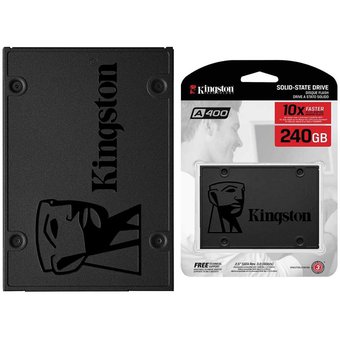 UNIDAD DE ESTADO SOLIDO SSD KINGSTON A400 240GB 2.5 SATA3 7MM SA400S37/240G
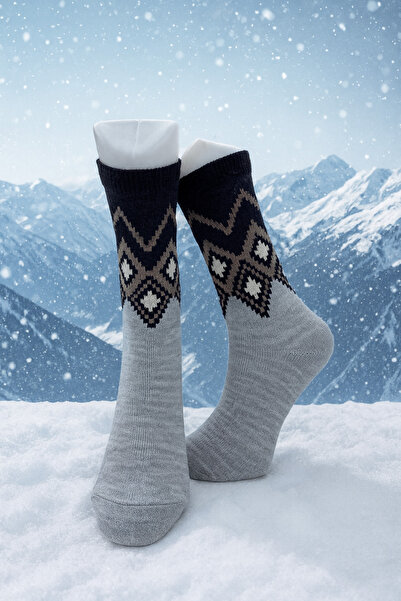 alpaca foot tech Pack of 4 Winter Socks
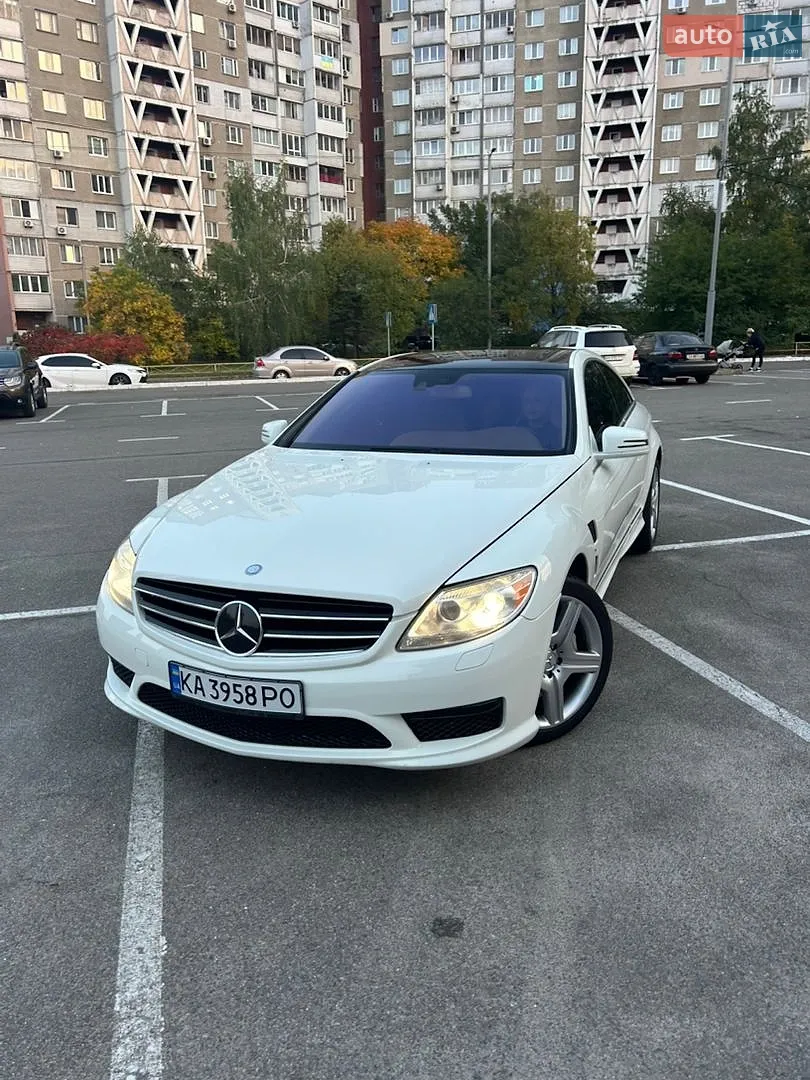 Mercedes-Benz CL-Class, 2008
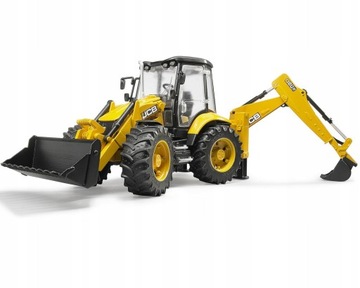 Экскаватор-погрузчик JCB 5CX eco Bruder 02454 Экскаватор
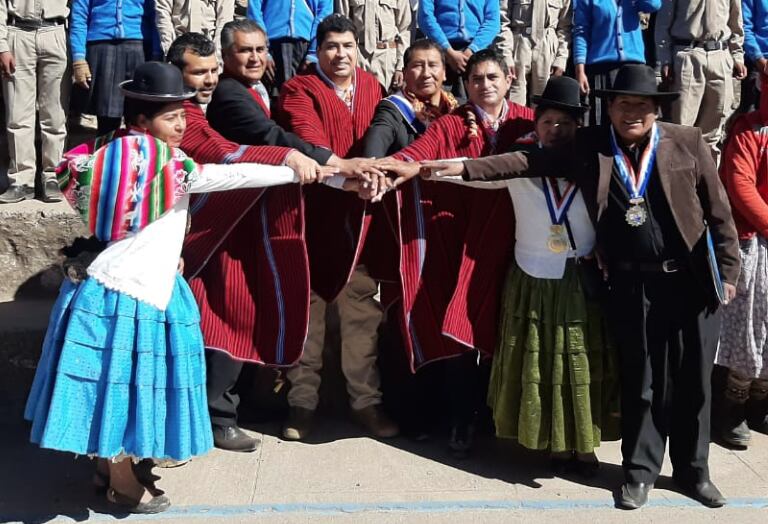 Ministro de Trabajo anunció más de 6,000 nuevos empleos temporales en Puno. Foto: MTPE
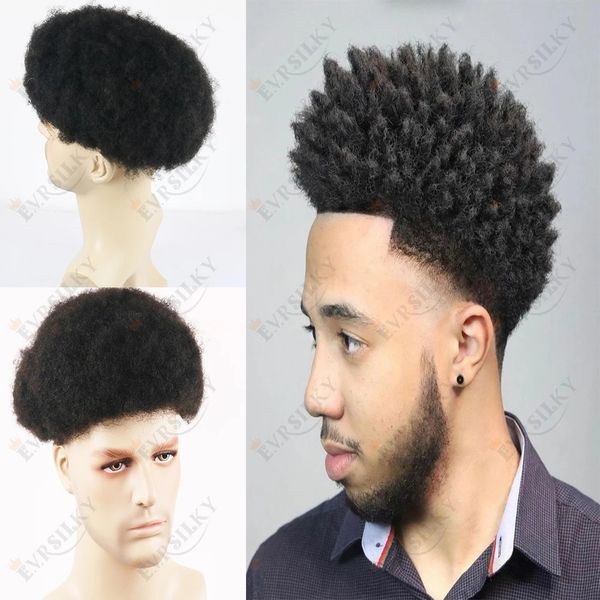 natural hairline afro curl men toupees skin base hair wig for man replacement system curly hair unit 1b black color hairpieces
natural hairline afro curl men toupees skin base hair wig for man replacement system curly hair unit 1b black color hairpieces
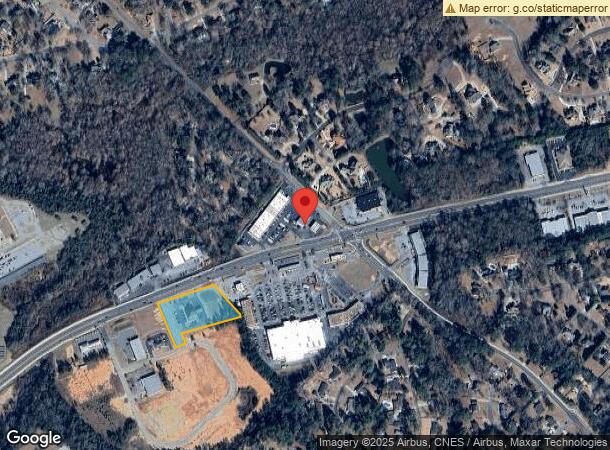  1102 Hillcrest Pkwy, Dublin, GA Parcel Map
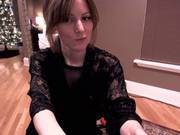 Hot Webcam Babe Riding A Dildo Rocking Chair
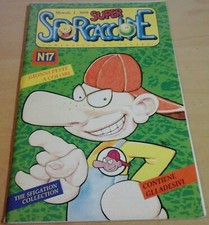 super LO SPORCACCIONE N.17 MERDMAN merd man piero tonin peppe pirola CON ADESIVI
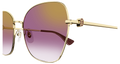 Lunettes de Soleil Cartier Signature C CT0402S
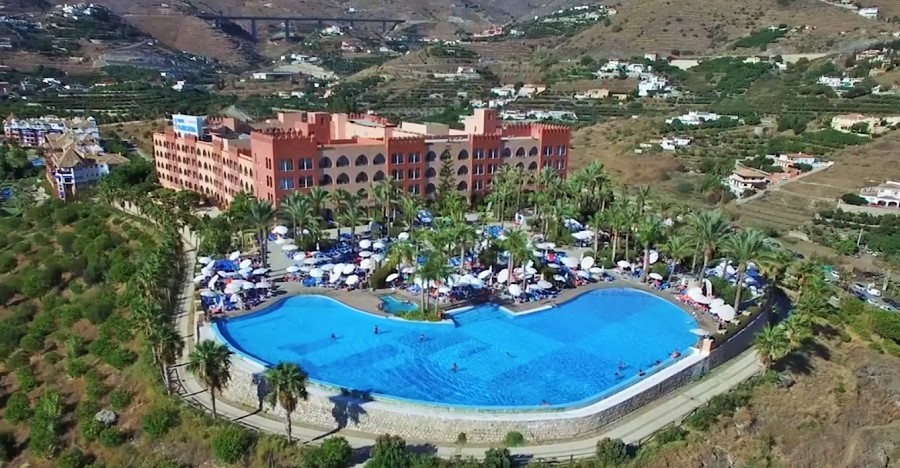 Hotel Playa Cálida en Almuñécar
———
### Problem to solve
Make an exact copy of all entries above, dropping the images.

### Result for this task
 UNIDAD DE ESTADO SOLIDO SSD KINGSTON A400 240GB 2.5 SATA3 7MM SA400S37/240G
 alpaca foot tech Pack of 4 Winter Socks
 Mercedes-Benz CL-Class, 2008
 Экскаватор-погрузчик JCB 5CX eco Bruder 02454 Экскаватор
 Ministro de Trabajo anunció más de 6,000 nuevos empleos temporales en Puno. Foto: MTPE
 natural hairline afro curl men toupees skin base hair wig for man replacement system curly hair unit 1b black color hairpieces
natural hairline afro curl men toupees skin base hair wig for man replacement system curly hair unit 1b black color hairpieces
  1102 Hillcrest Pkwy, Dublin, GA Parcel Map
 Hot Webcam Babe Riding A Dildo Rocking Chair
 super LO SPORCACCIONE N.17 MERDMAN merd man piero tonin peppe pirola CON ADESIVI
 Lunettes de Soleil Cartier Signature C CT0402S
 Hotel Playa Cálida en Almuñécar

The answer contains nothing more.